Embroiled in a few projects right now, but one gave me the chance to explore Microsoft's code contracts a little. I was initially excited about the prospect of contracts when they were first announced, hence my crude API-compatible implementation in Sasa.Contracts which allowed me to prepare my codebases for contracts. I've now had a chance to play with the real thing, so we'll see how it holds up to reality.

Going Above and Beyond

As usual, I decided to push the boundaries and try to prove properties beyond what C# and .NET can do natively via their type systems. One common nuisance on the CLR is that you can't specify a default constructor for value types. While even code contracts can't prevent someone from creating an empty struct value, you can possibly prevent the use of such an empty value:

public struct NonNull<T>
    where T : class
{
    readonly T value;
    public NonNull(T value)
    {
        Contract.Requires(value != null);
        this.value = value;
    }
    public T Value
    {
        get
        {
            Contract.Requires(Value != null);
            return value;
        }
    }
}

We have here a simple class that wraps a nullable reference type. The preconditions specified on the constructor ensure that no NonNull instance can be created with an explicit null value.
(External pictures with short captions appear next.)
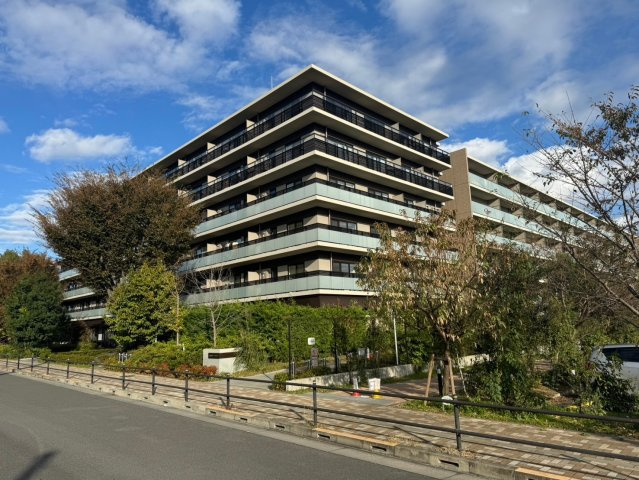 ウエリス仙川調布の森の外観|きれいな外観です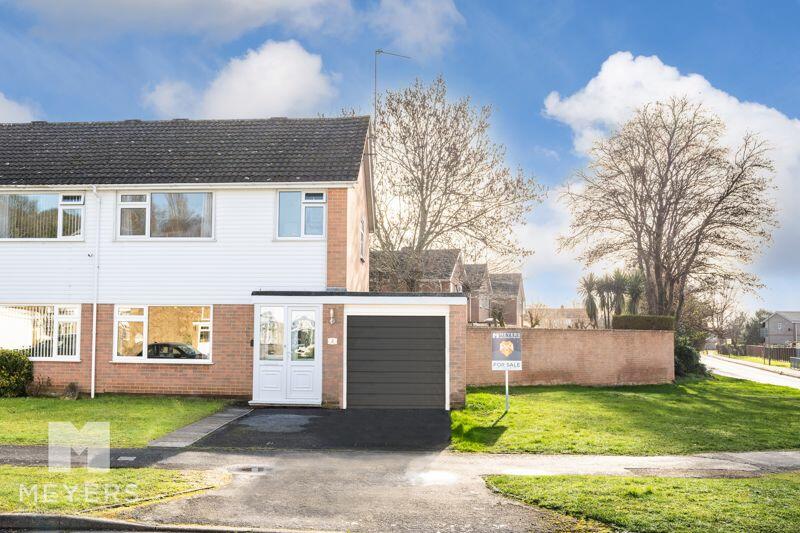 3 bedroom semidetached house for sale in Ross Road, Poulner, Ringwood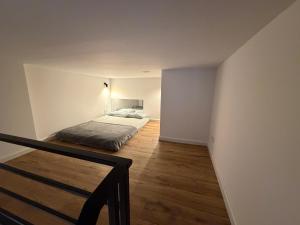 een slaapkamer met een bed in het midden van een kamer bij Hola Apartamenty Rewolucji 1905r in Łódź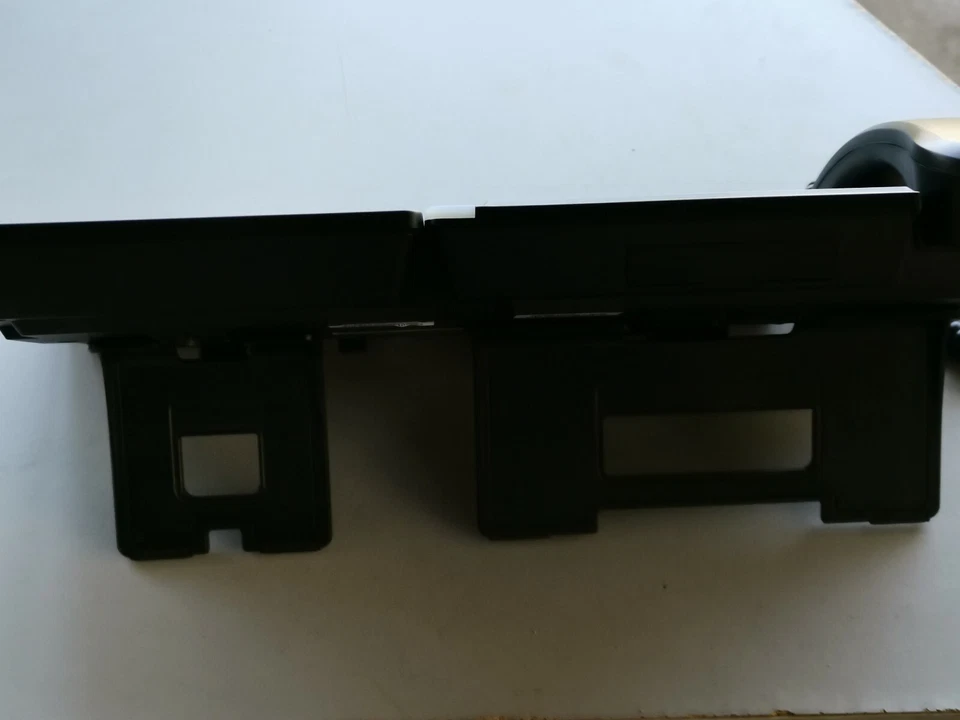 iPECS LG ERICSSON  LIP-8040LSS with LIP-8040E IP Gigabit Phone - image 4 of 4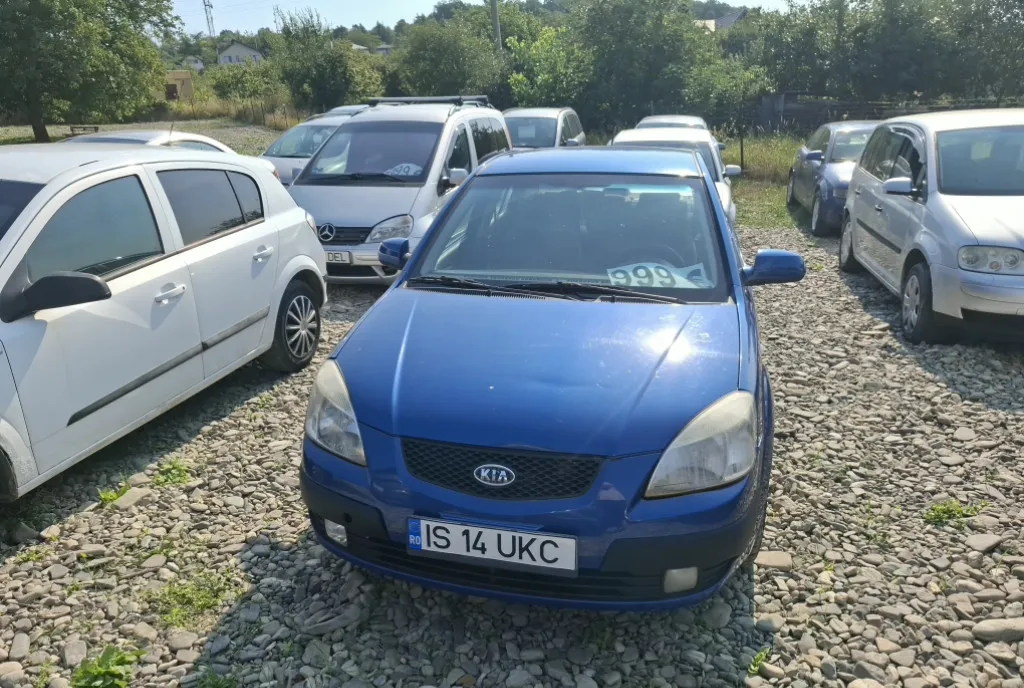 Kia rio 2007 1 4 motorina 999 eur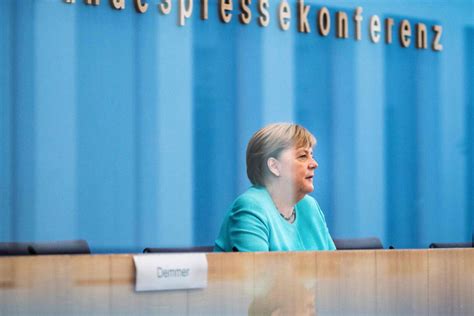 Merkel Udtrykker Bekymring Over Smitteudvikling I Tyskland Bt Udland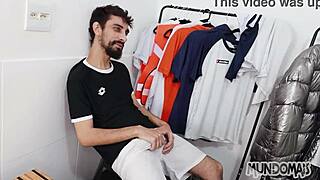 comi meu parceiro do futebol no vestiario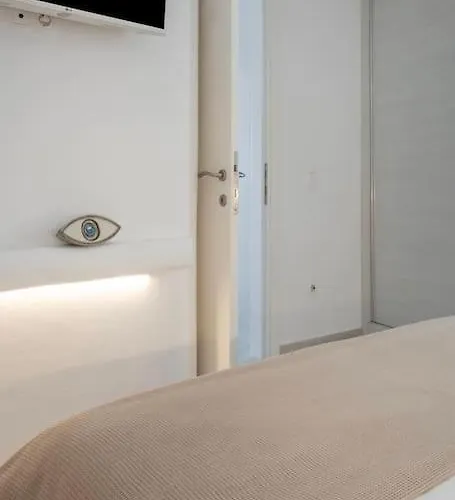 Vibes 1 Ornos (Mykonos)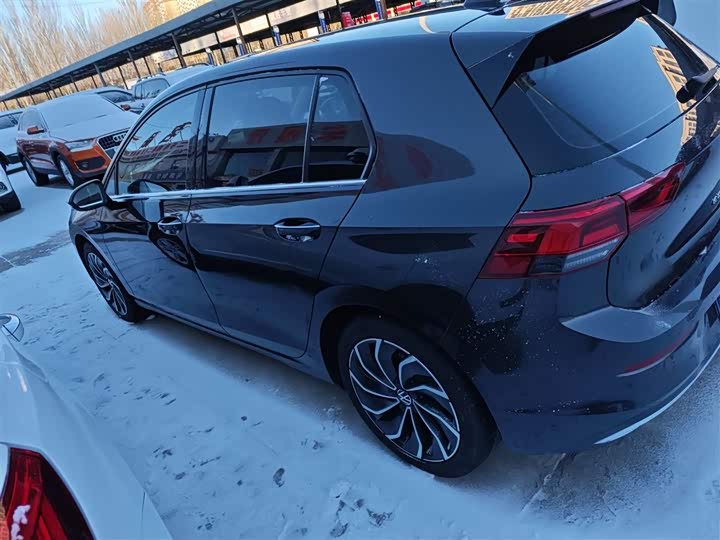 Фото 5 - Volkswagen Golf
The only remaining possibility is to create a value via default(NonNull<T>), so contracts haven't bought us much there.

However, check out the precondition on the NonNull.Value property: before you can call the property, you have to ensure the property is itself not null. This ensures that only values of NonNull created via the provided constructor can use any value of NonNull!

Here's the failure that Visual Studio reports when it can't prove that the contracts are statically satisfied:

Code Contract Failure in Visual Studio

Mission accomplished! Through some clever application of preconditions, you can probably ensure all sorts of behavioural properties on objects you couldn't verify before, so this is fertile ground for experimentation and optimization.

No Free Lunch

There's always a downside of course, and in this case it's the long contract check times. Visual Studio has an option to check contracts in the background after a build completes, which helps a little.
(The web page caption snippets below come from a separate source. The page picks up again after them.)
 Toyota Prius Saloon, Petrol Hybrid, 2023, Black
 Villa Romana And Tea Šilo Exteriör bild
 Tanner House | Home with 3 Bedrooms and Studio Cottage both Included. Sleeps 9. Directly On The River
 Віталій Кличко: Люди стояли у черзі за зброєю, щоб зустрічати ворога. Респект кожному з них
Also, there are a few limitations and bugs remaining in the MS's static checker. For instance, according to the docs, invariants declared on structs are supposedly ignored (section 6.6.1), but I discovered this isn't completely true (Microsoft Connect bug reported).

I also found another bug while testing the interface contracts, so caveat emptor!

Still, it's a promising framework and I plan to make use of it where I can to improve the reliability of my code. Sasa v0.9.4 will probably be the last release for .NET 3.5, so subsequent releases will exploit contracts as much as possible. In particular, Sasa.NonNull<T> will finally get a static analysis to ensure that property is respected!